Al Kontar’s plight began in the United Arab Emirates (UAE), where he says his embassy would not renew his passport because of his refusal to fight in the unfolding Syrian civil war. After eventually obtaining a new passport, he traveled to Malaysia in October 2017, but it wasn’t long before his tourist visa expired. Blacklisted for overstaying, and unable to find safe harbor elsewhere, Al Kontar remained stuck, interminably, in the Malaysian airport.
The absurdities of his predicament caught the world’s attention when he started posting videos online. Al Kontar’s vignettes captured the psychological toll of a prolonged limbo all too common amongst asylum seekers, against the backdrop of a fluorescent-lit arrivals hall familiar to international travelers. For months, the former law school student lived off food donated by airline staff, showered in bathroom sinks and tried to stave off depression amid endless days of waiting.
As the world’s number of asylum seekers continues to grow annually — 3.1 million as of last year, according to the U.N. — Al Kontar’s mini-documentaries emphasized the harsh realities and unsympathetic officialdom that await those driven from their homes. Left with almost no options, Al Kontar vacillated between applying to join a NASA mission to Mars one week, and railing at the U.N. refugee agency for not doing more to help him the next.

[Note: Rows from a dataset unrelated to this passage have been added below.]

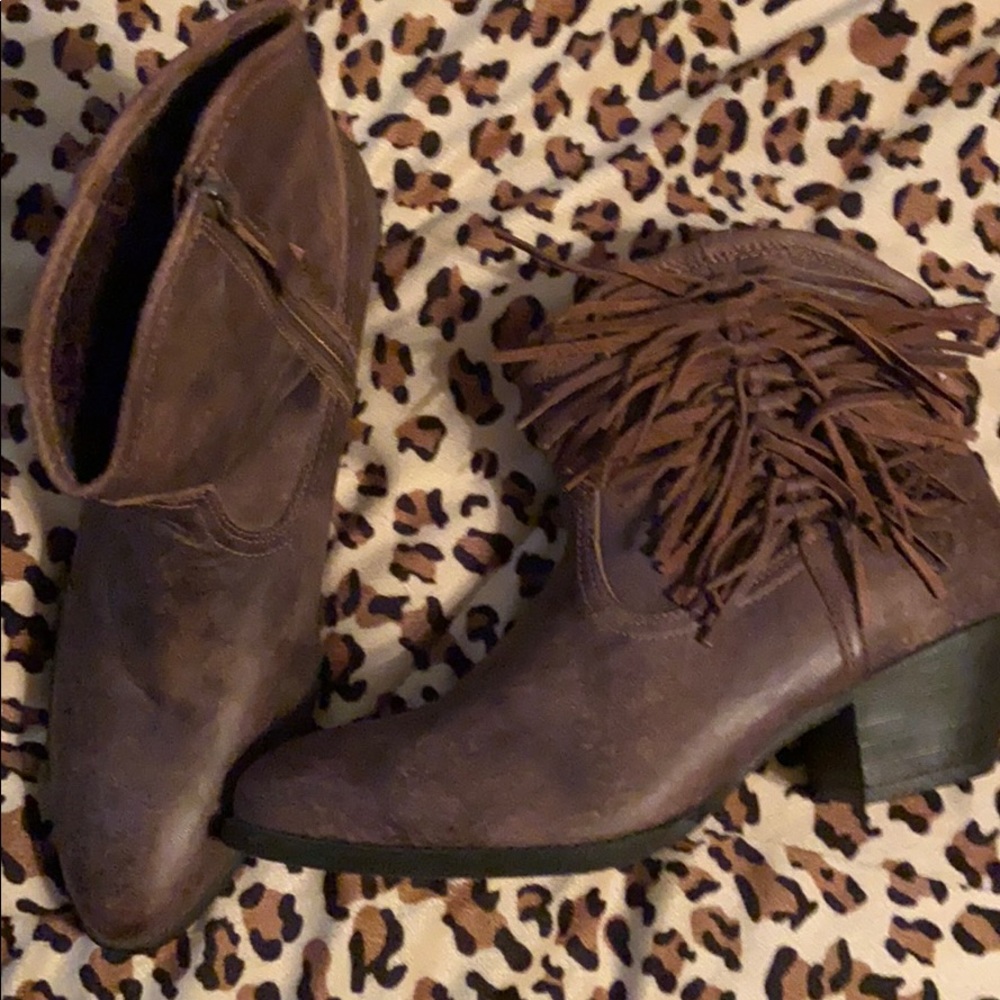 Women’s Ariat fringe booties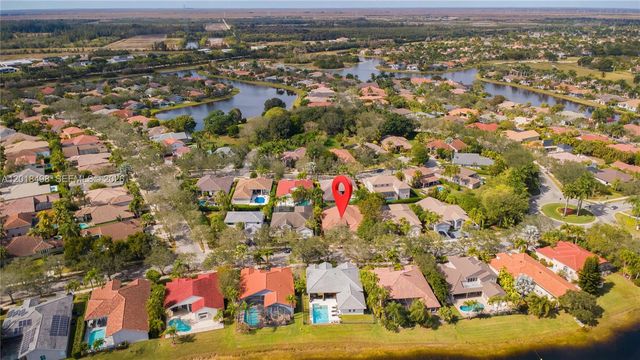 2621 Oakbrook Ln, Weston, FL 33332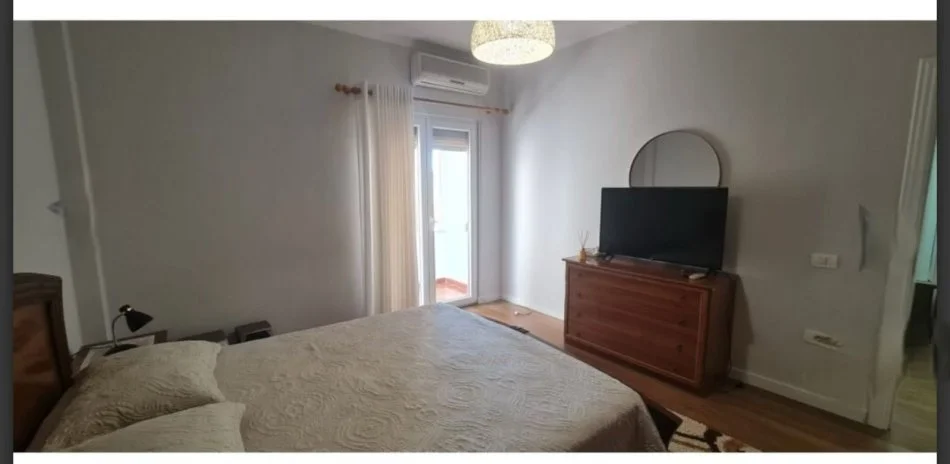 Tirane, shitet apartament 2+1+Ballkon Kati 5, 110 m² 160.000 € (Qytet Studenti)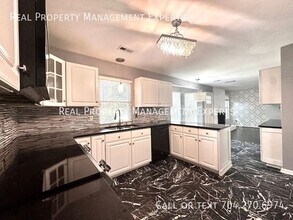 8509 Golf Ridge Dr in Charlotte, NC - Building Photo - Building Photo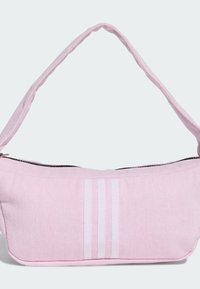 Sac en tissu rose clair avec une fermeture éclair et une bandoulière, présentant trois rayures blanches parallèles sur un côté et une texture de surface lisse.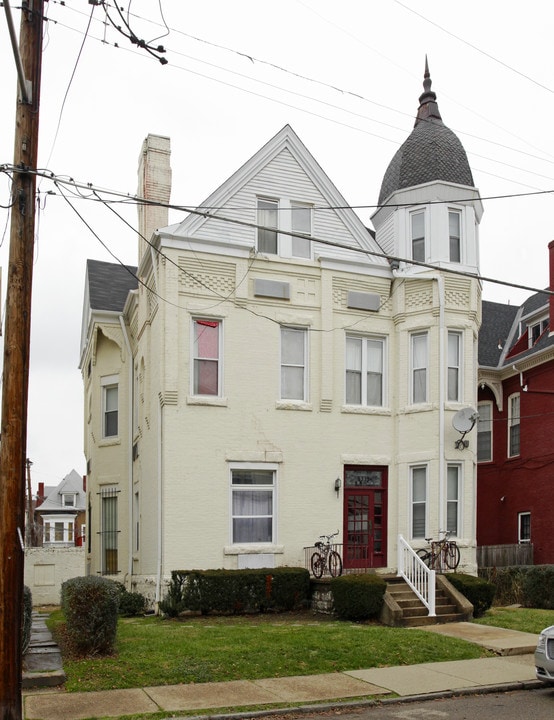 6339 Marchand St in Pittsburgh, PA - Building Photo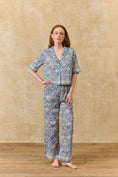 Gallery viewerに画像を読み込む, <Louise Misha> PAJAMAS SET LOUKA - BLUE MOUNTAIN AVENS(大人用)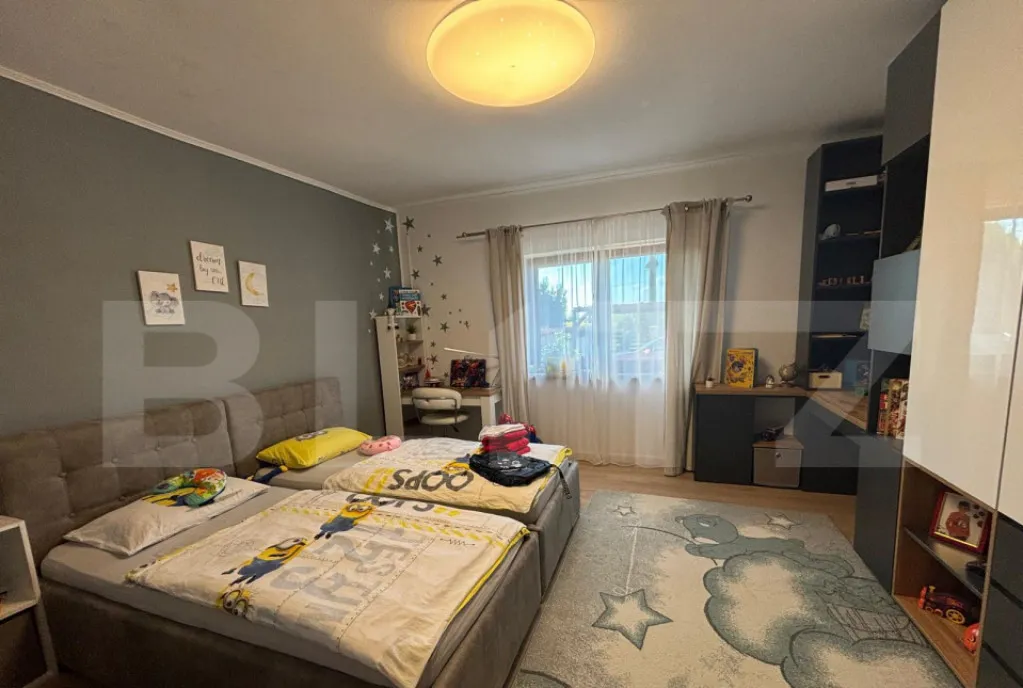Casa 150 mp utili 1200 mp teren pe Strada Balta Blonda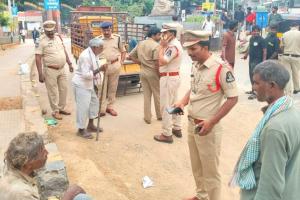 గాంధీ ఆస్పత్రి ఆవరణ నుంచి అనాథలను తరలించిన పోలీసులు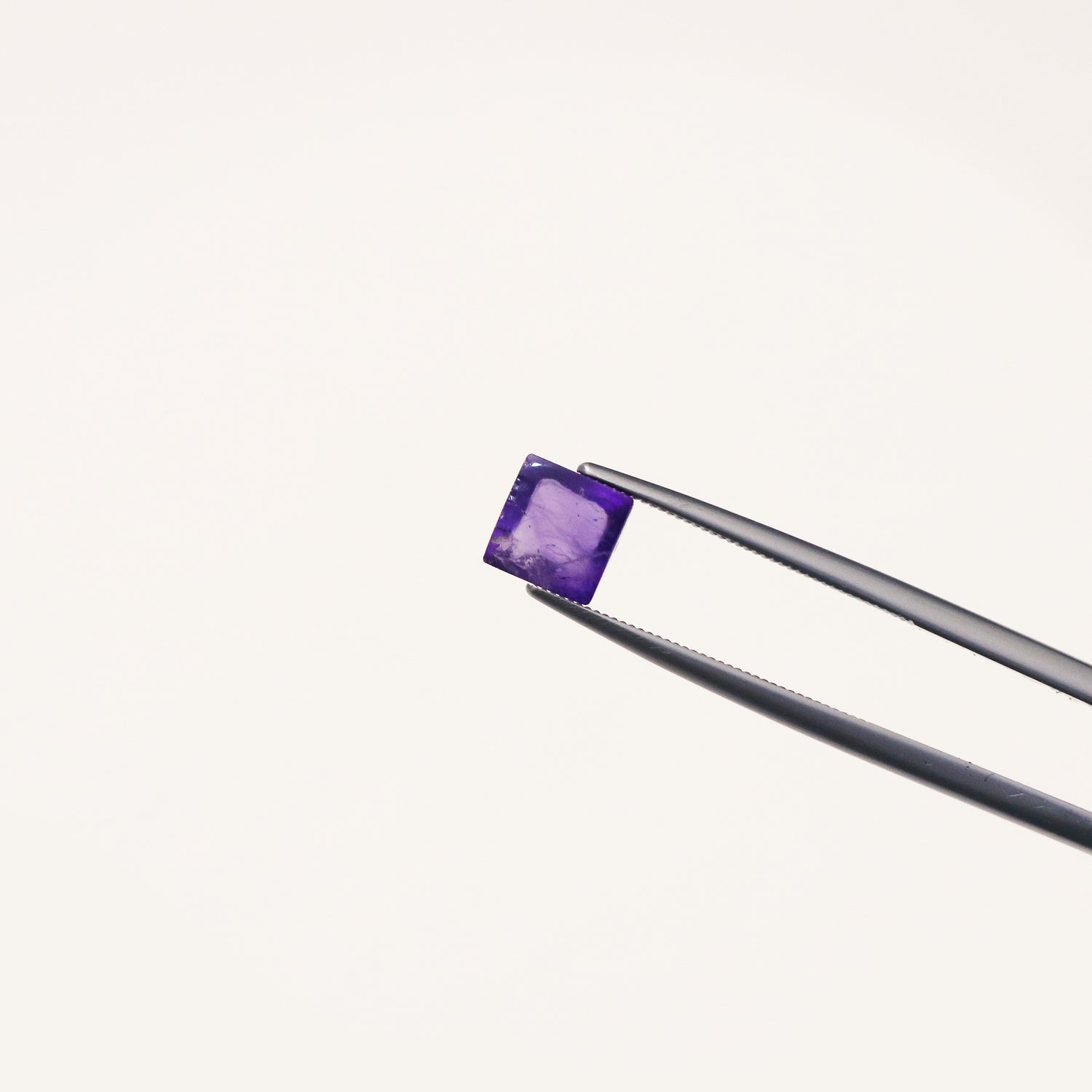 Amethyst / Quartz - Mystery stone 122 - Gem Identification series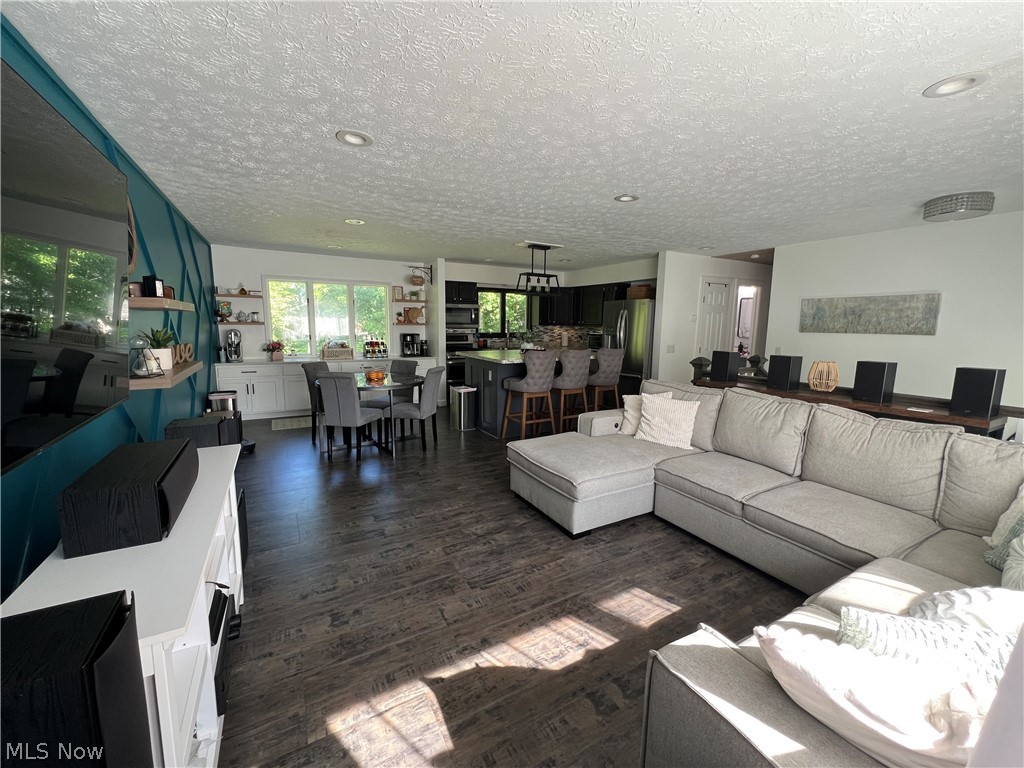 1258 Cherry Lane
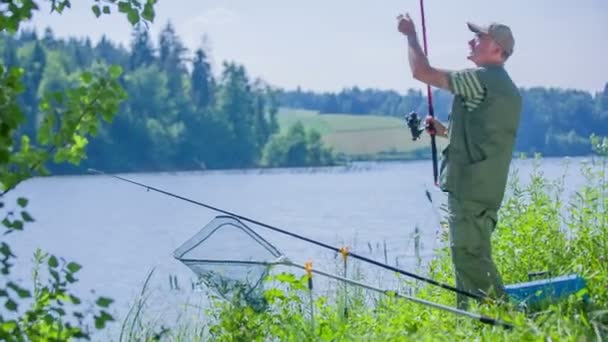 Um pescador está colocando uma nova isca — Vídeo de Stock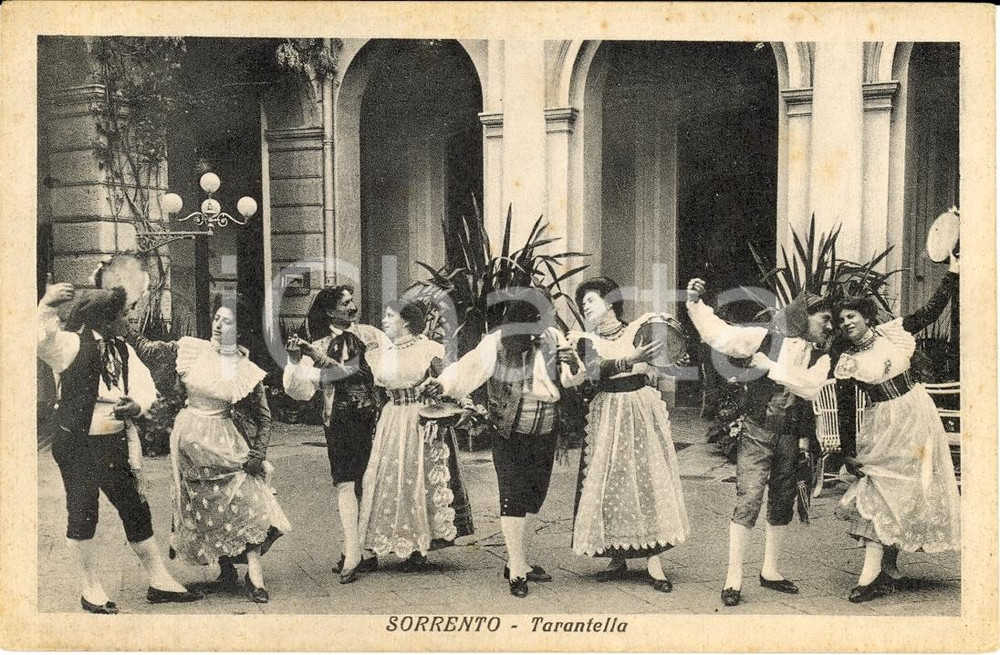 Cartolina originale da collezione 1940 circa SORRENTO NA Tarantella in costume tipico 1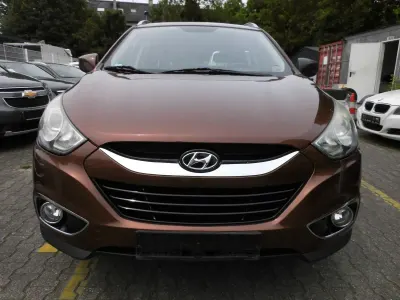 Gebraucht Hyundai ix35 Edition 136 PS (100 kW) 2013 Braun SUV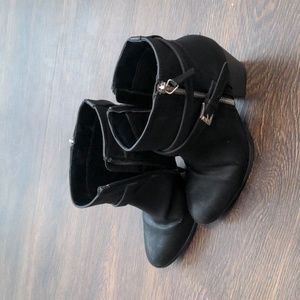 a.n.a Womans size 5.5 black heeled boot with zipper and buckle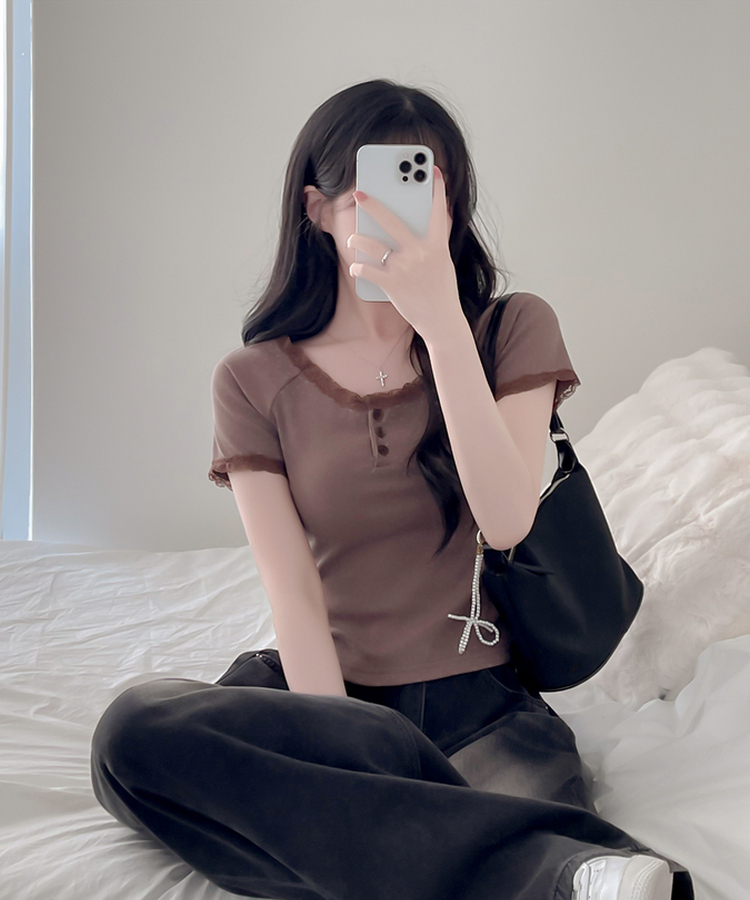 小花柄ボタン半袖Tシャツ BROWN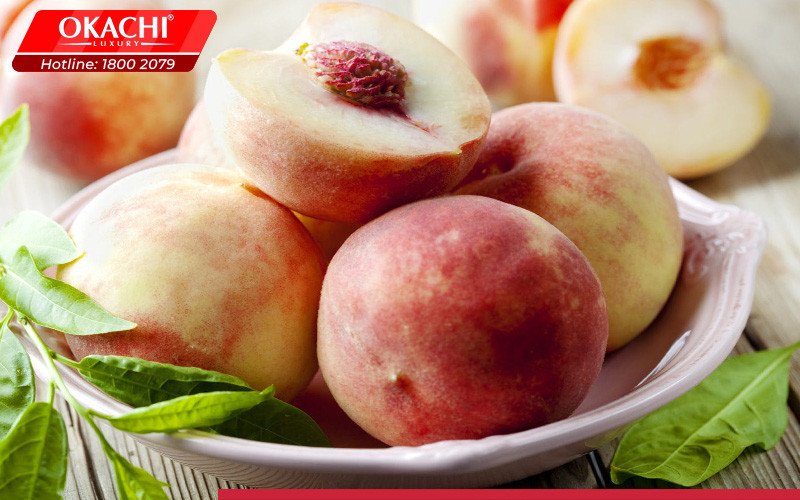 Người phụ nữ tươi tắn cầm trái đào, thể hiện lợi ích ăn đào giảm cân và tốt cho sức khỏe.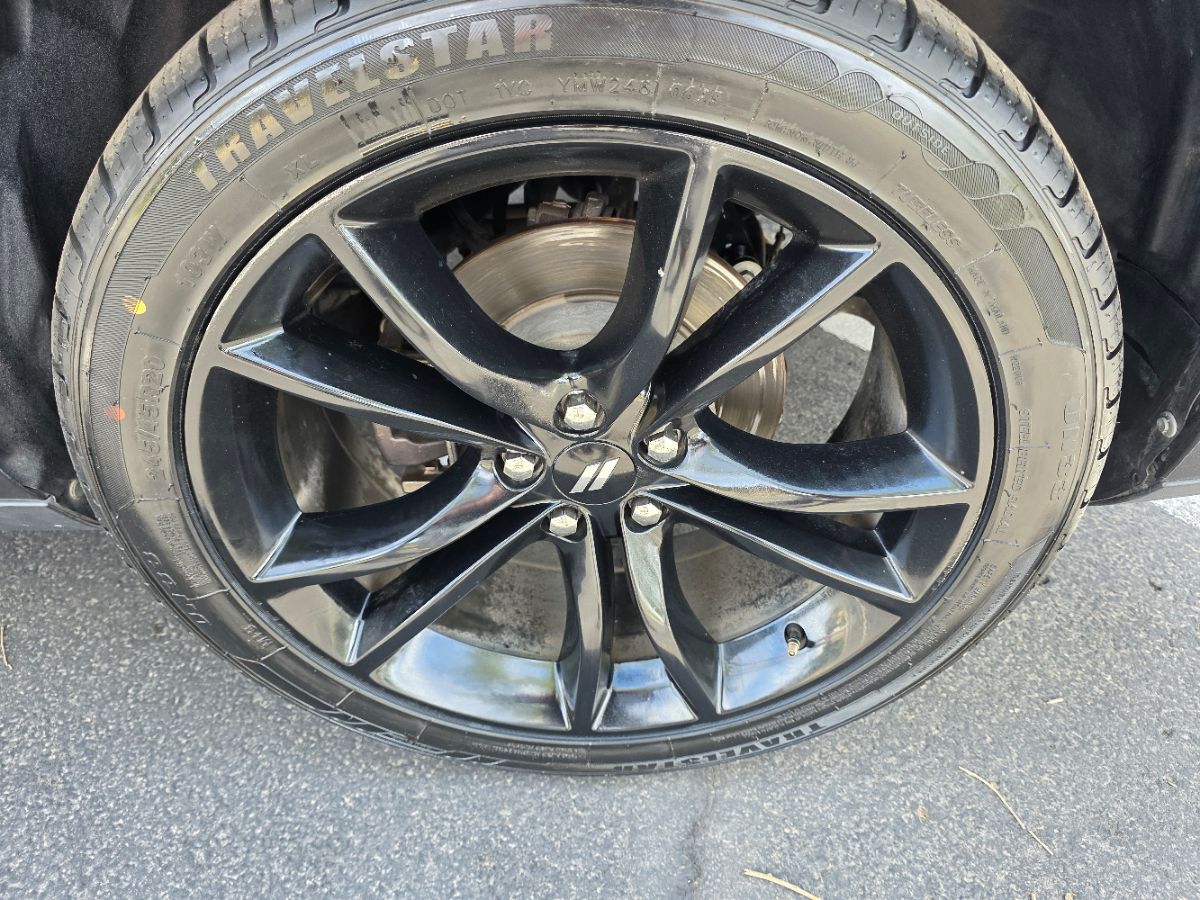 2018 Dodge Challenger SXT photo 9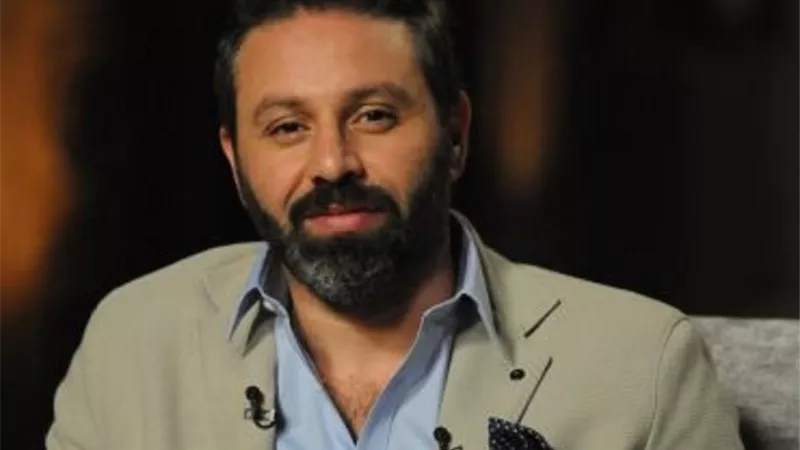 تعليق هام من حازم إمام على رحيل جوكر الأهلى.. تعرف علية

Yet for Al Kontar, the story has a happy ending. In Canada, his video diaries spurred action. Laurie Cooper, a media relations consultant in Whistler, gathered a group of supporters to petition the immigration minister to grant Al Kontar entry. Together, they also crowdfunded more than $13,600 to sponsor his resettlement, according to the Guardian. But suddenly in October, Malaysian authorities arrested Al Kontar, seemingly with plans to deport him to Syria. The group sponsoring his asylum, his lawyer and his family all lost touch.
Behind the scenes, Canadian officials reportedly continued pressing for Al Kontar to be resettled, and soon.
“I’m very grateful that Canadian officials, when Hassan was truly in peril, worked very, very hard to expedite the process,” Cooper told the Guardian. She added that when she finally gets to greet Al Kontar in person when he at last clears the final arrivals hall in Vancouver, she will tell him, “We did it!”